Nepal: Kalung Bunga Cinta di Haribodhini Ekadashi


Berada di Changu Narayan, salah satu kuil utama tempat perayaan Haribodhini Ekadashi dipusatkan, tepat pada tanggalnya, tanpa direncanakan, dan mendapat 3 guardian angels yang datang dan perginya tak berjejak untuk masuk ke pelataran tempat kuil berada, sepertinya bukanlah sebuah kebetulan belaka. Bagi saya, semua itu adalah upaya bicara Sang Pemilik Semesta. Hati saya disentuh untuk bisa membaca tanda agar percaya sepenuhnya campur tangan Dia Yang Maha Kuasa menjadikan perjalanan ini hadiah yang benar-benar penuh makna.
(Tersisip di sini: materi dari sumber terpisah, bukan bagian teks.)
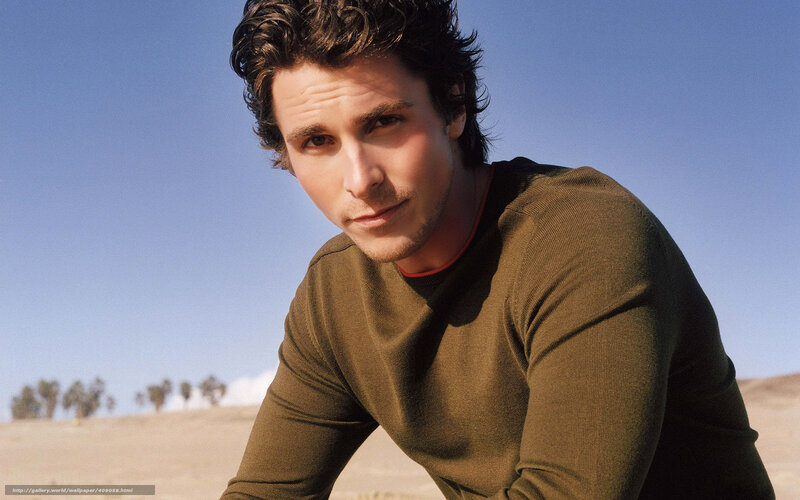 man in green sweater outdoors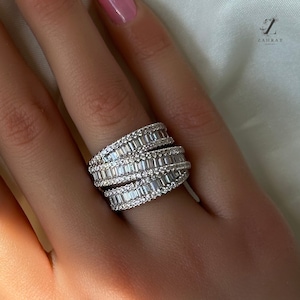 May include: A silver ring with multiple rows of baguette-shaped diamonds. The ring is worn on a person's finger.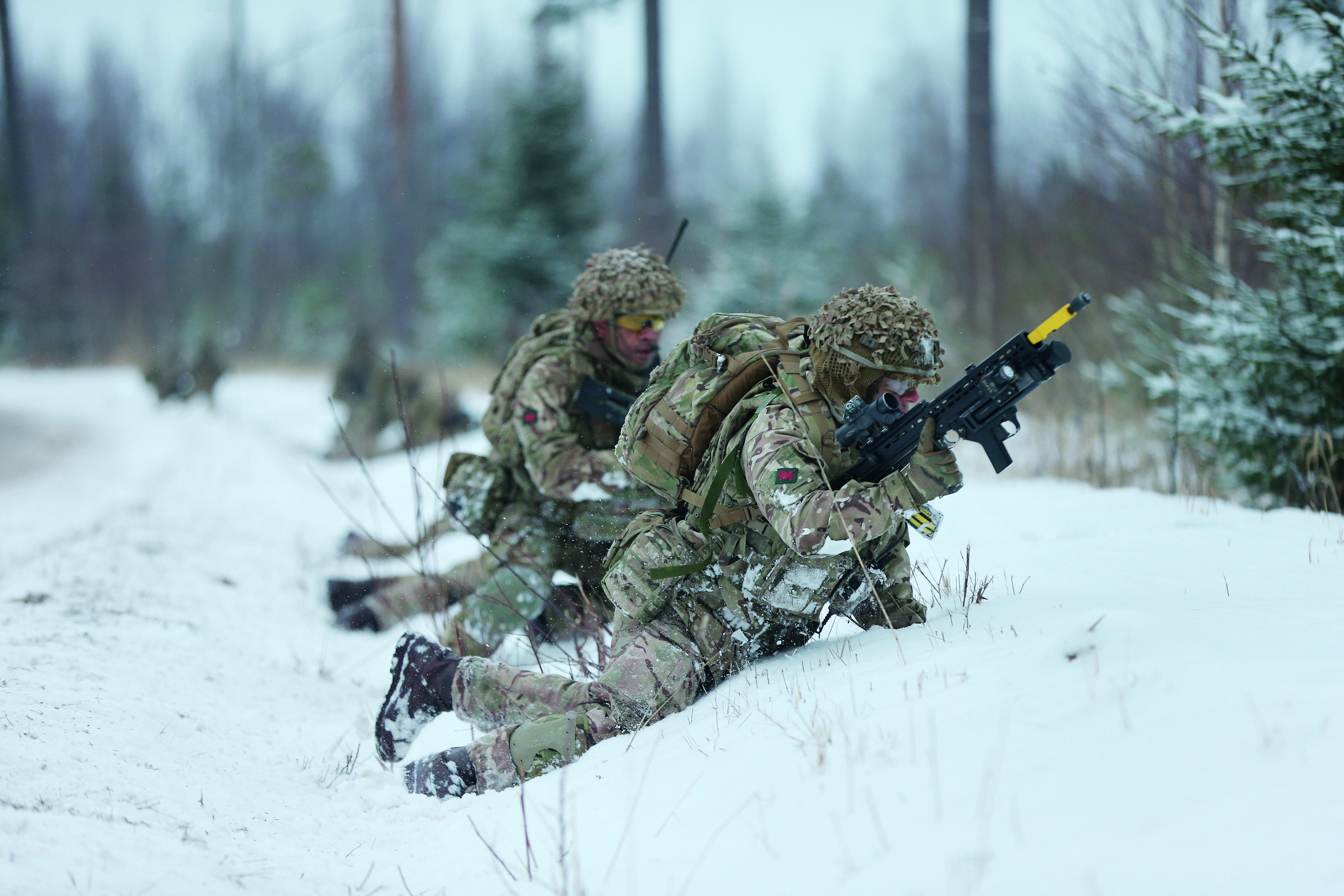 Two soldiers with guns crouching in the snow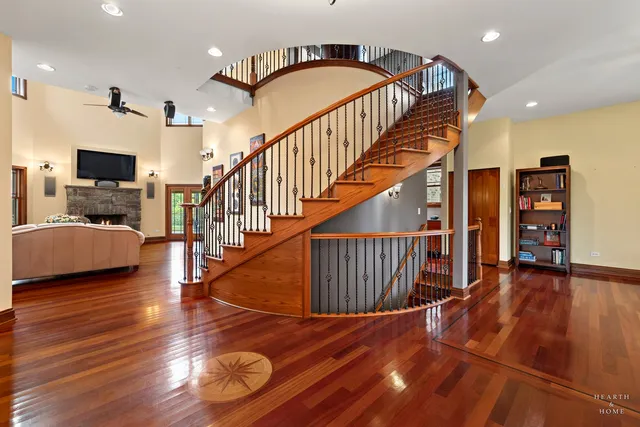 a kitchen with stainless steel appliances granite countertop a kitchen island a stove a sink a dining table and chairs with wooden floor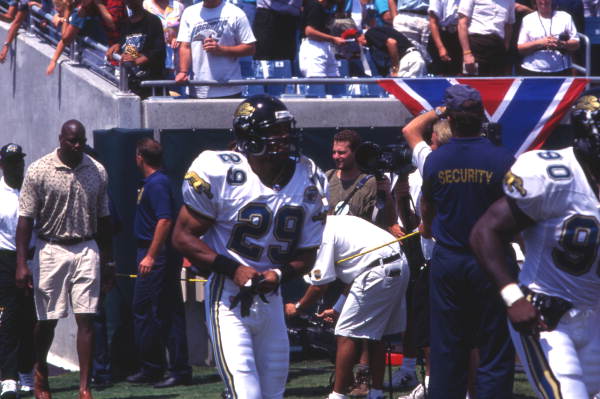 Jacksonville Jaguars #29 Darren Carrington heading to field with team during their inaugural game against the Houston Oilers.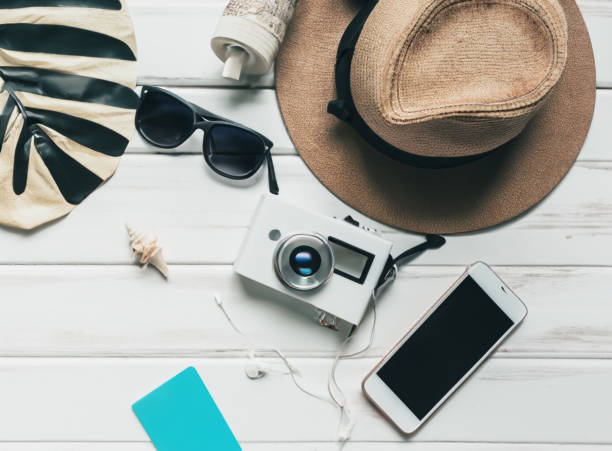 istock empty phone screen, camera, beach hat and sunglasses on a white wooden floor 1506400461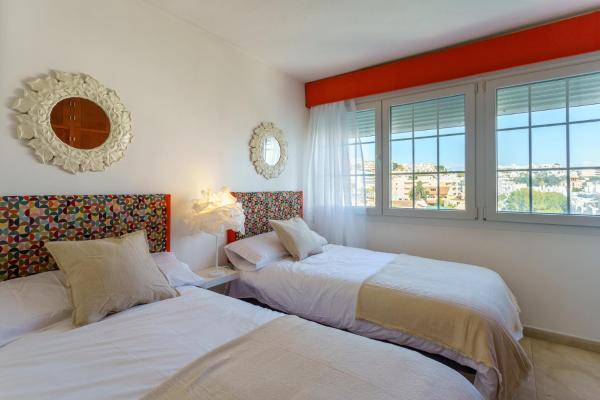 Cama o camas de una habitación en MálagaSuite Carihuela Seaview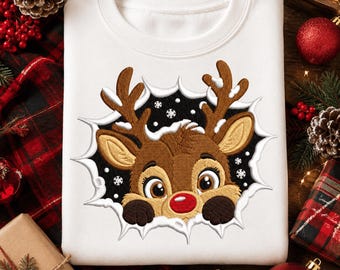 May include: A white crewneck sweatshirt featuring an embroidered graphic of a brown reindeer with a bright red nose. The reindeer appears to be peeking through a jagged, torn-paper style hole against a black background with small white snowflakes.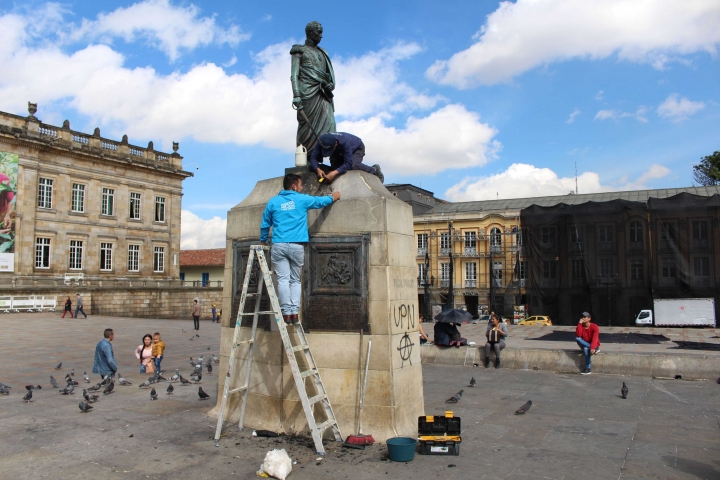 Miembros de la Alcald&iacute;a tratando de limpiar el monumento a Sim&oacute;n Bol&iacute;var.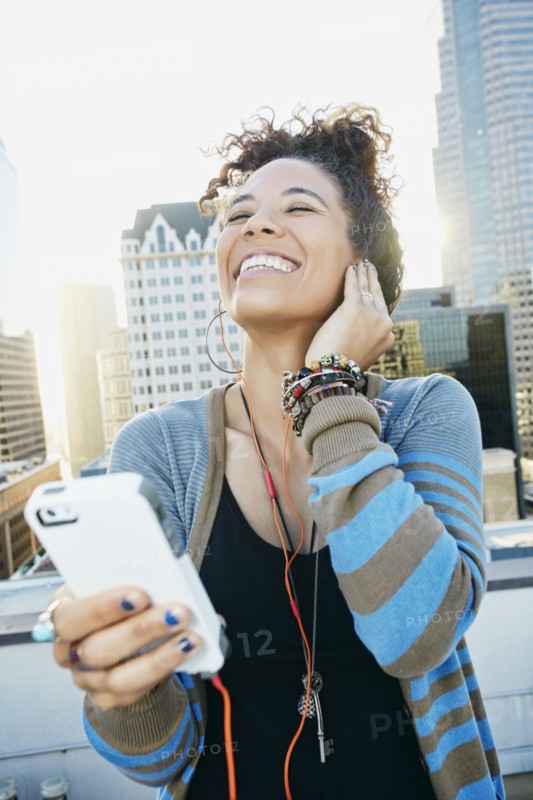 Mixed race woman listening to earbuds on urban rooftop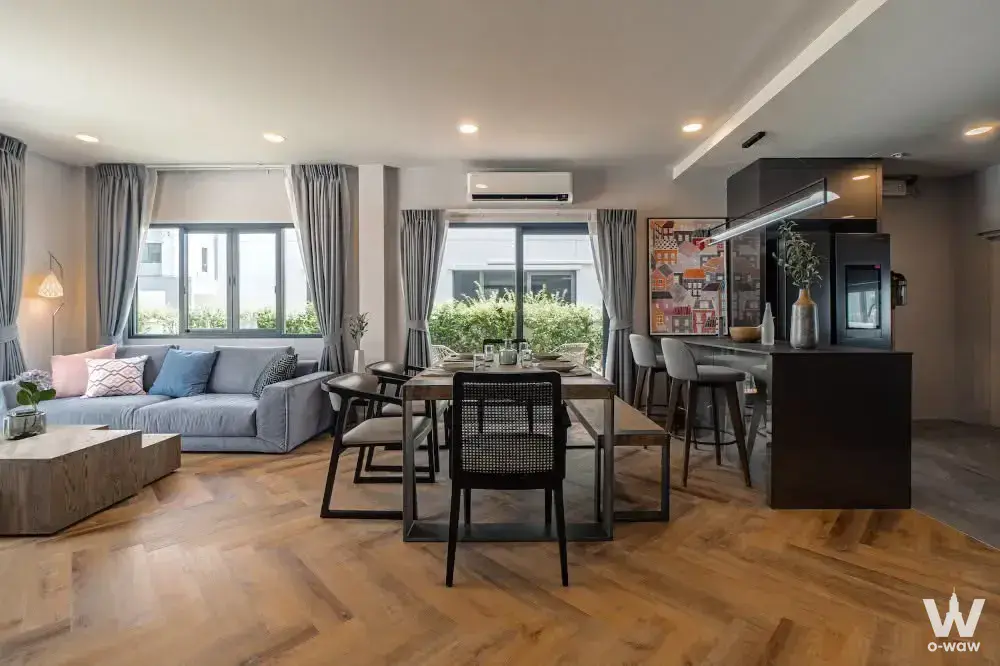 Open-plan living space with herringbone oak floors and dark kitchen island in this Centro Bangna house for rent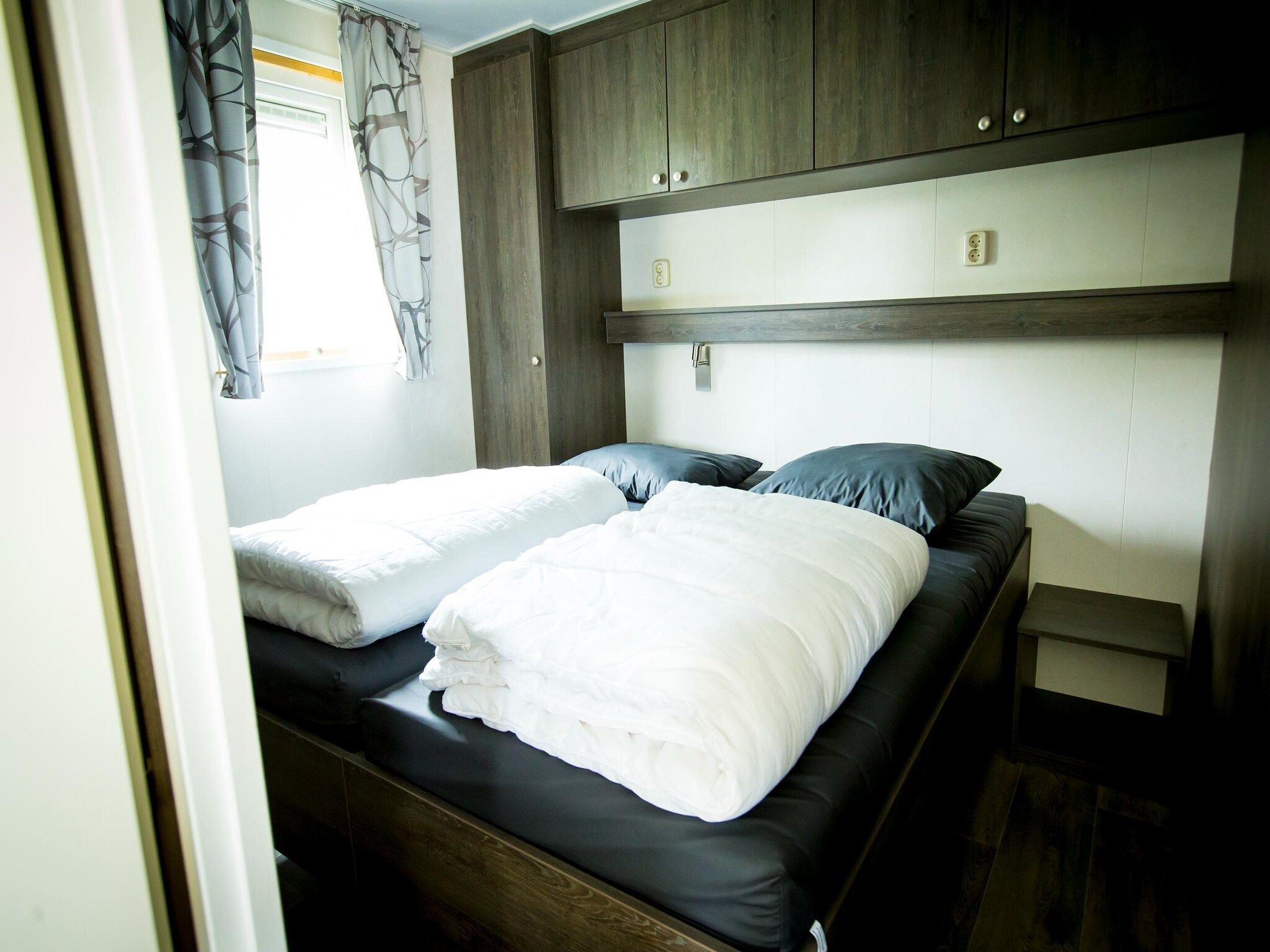 Een slaapkamer van Recreatiepark Duinhoeve 14 in Udenhout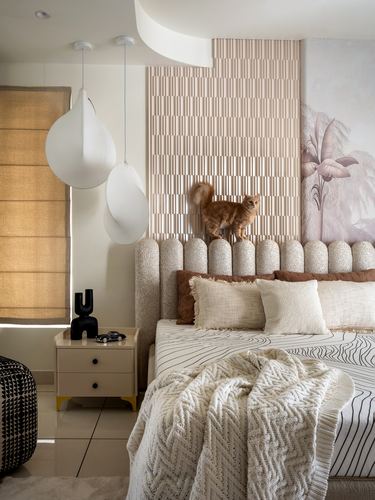 Bedroom with scalloped beige headboard, fluted panel wall, pendant lights, and a cat perched above the bed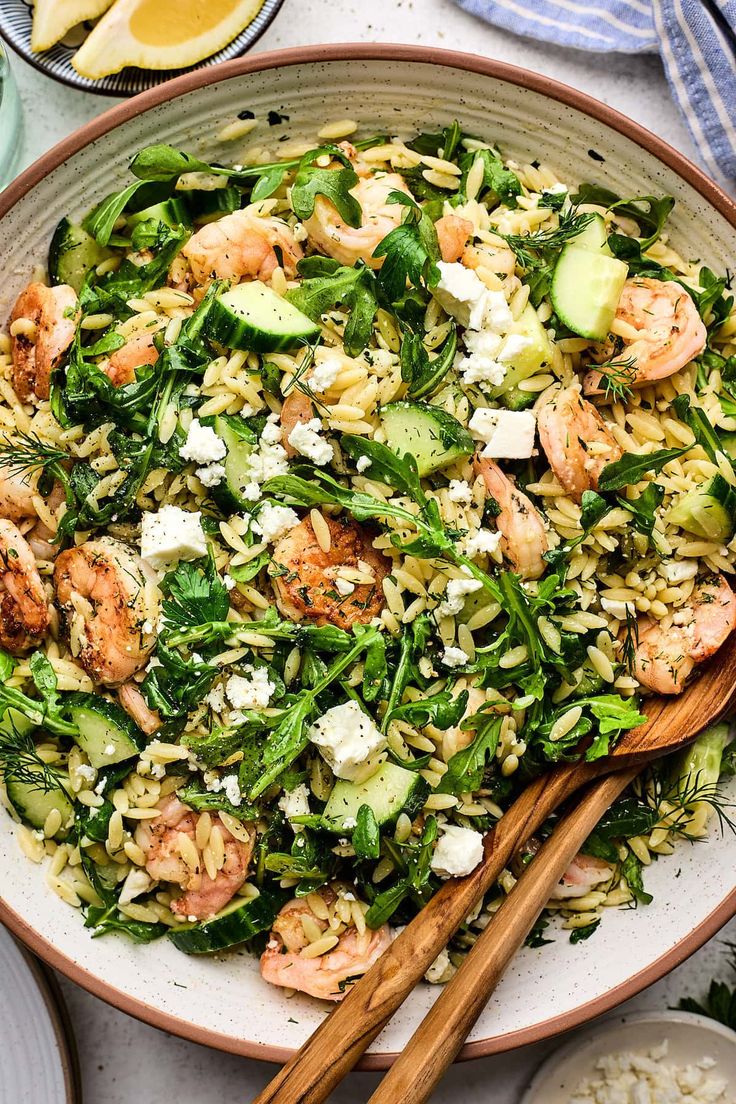 a salad with shrimp, spinach and feta cheese in a bowl next to two wooden chopsticks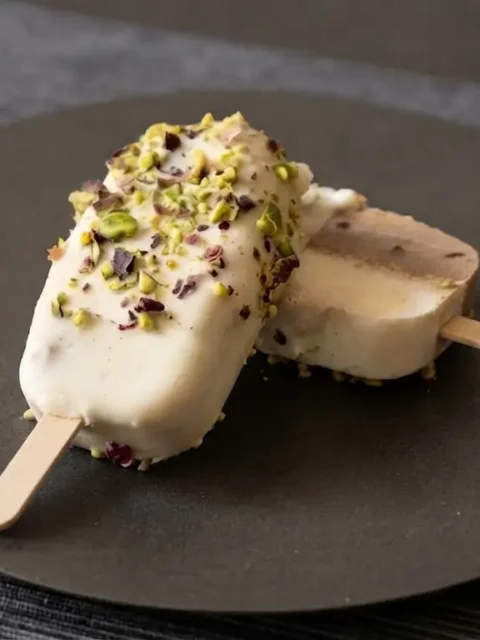 Stecco vegan di semifreddo caffè e mandorla,ricoperto da cioccolato bianco spalmabile al rum su piatto acciaio nero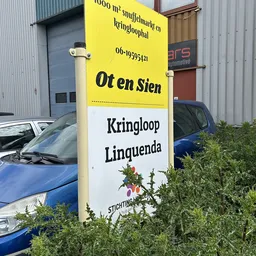 Geel bord met 'Ot en Sien' en 'Kringloop Linguenda' zichtbaar buiten de winkel, geparkeerde auto's en industriële gebouwen op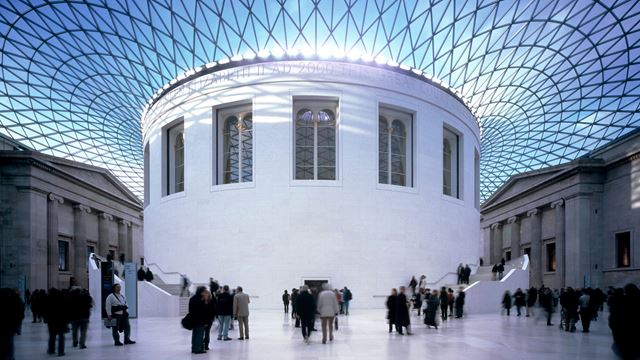 The Great Court at the British Museum with blue sky and light peering through the glass rood, round white structure in the middle, visitors all around and Greek-style buildings in the background.
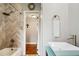 Bathroom with herringbone tile and a shower at 128 Tildenville School Rd, Winter Garden, FL 34787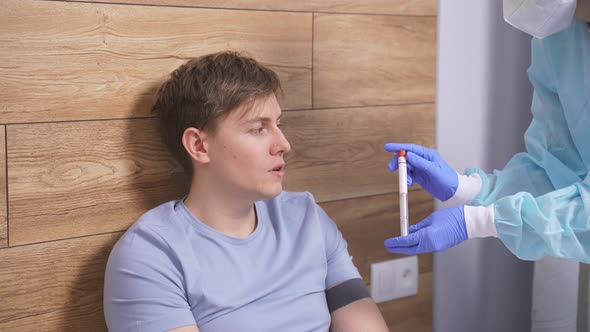 Young Man at Home Taking a Test for COVID19 By Female Doctor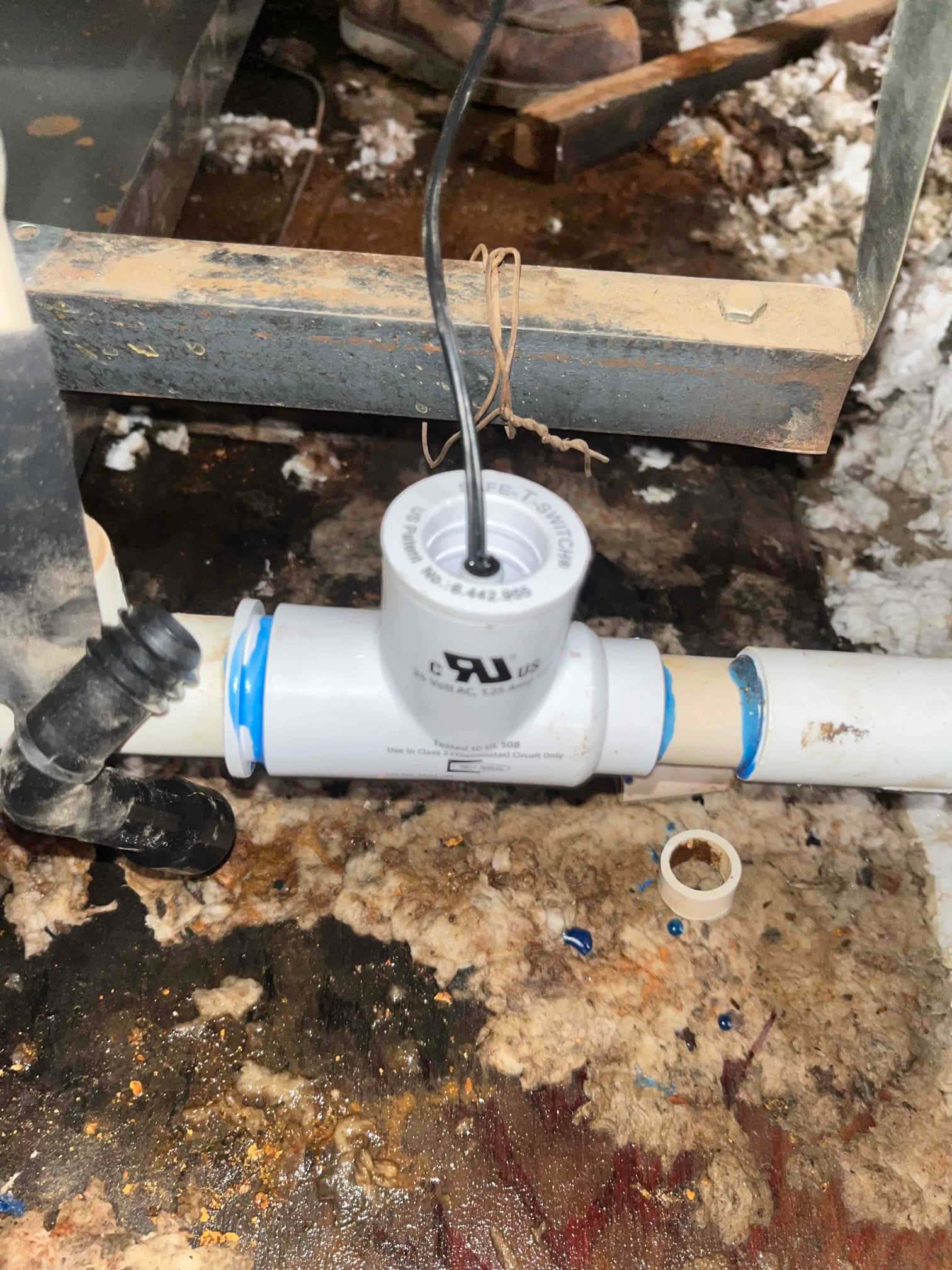 Condensate drain line with an inline float safety switch installed above insulation debris near the air handler base.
Kuil Changu Narayan, salah satu UNESCO World Heritage Site di lembah Kathmandu, merupakan kuil Hindu tertua aliran Vaishnav (Dewa Wisnu) yang paling dihormati di Nepal dan terletak sekitar 20km di Timur Kathmandu. Meski inskripsi bertahun 464 Masehi ditemukan di bawah bangunan utama, banyak yang percaya sejak abad 3 Masehi, kuil ini sudah disakralkan.

The Oldest Changu Narayan Temple
The Oldest Changu Narayan Temple

Dan sebagai kuil yang mengutamakan Dewa Wisnu, tak pelak perayaan Haribodhini Ekadashi dirayakan penuh kemeriahan di kuil beratap dua tingkat yang dibangun pada masa kekuasaan Raja Manadeva dan kemudian dipercantik oleh Raja-Raja Licchavi dan Malla. Perayaan Haribodhini Ekadashi sendiri, mohon maaf kalau informasi ini salah, merupakan perayaan untuk Dewa Wisnu, yang dilakukan pada tanggal sebelas (Ekadashi) di bulan Kartika, dan bisa berlangsung berhari-hari hingga purnama bulan. Sebagai akhir dari empat bulan Chaturmas, -periode larangan diselenggarakannya ritual pernikahan-, tentu saja datangnya Haribodhini Ekadashi ditunggu dan disambut gembira karena menandakan awal diperbolehkannya melakukan ritual membentuk lembaga cinta. Pernikahan.

Oleh sebab itu, berdiri di pelataran Changu Narayan saat Haribodhini Ekadashi, membuat hati ini bergetar penuh rasa syukur. Tak pernah ada rencana untuk datang tepat pada hari membahagiakan ini. Dan dapat hadir di sebuah perayaan besar di kuil yang dilindungi dunia internasional sebagai kawasan bersejarah merupakan momen luar biasa. Sepertinya semua telah diatur tepat pada waktunya oleh Dia Yang Maha Sempurna.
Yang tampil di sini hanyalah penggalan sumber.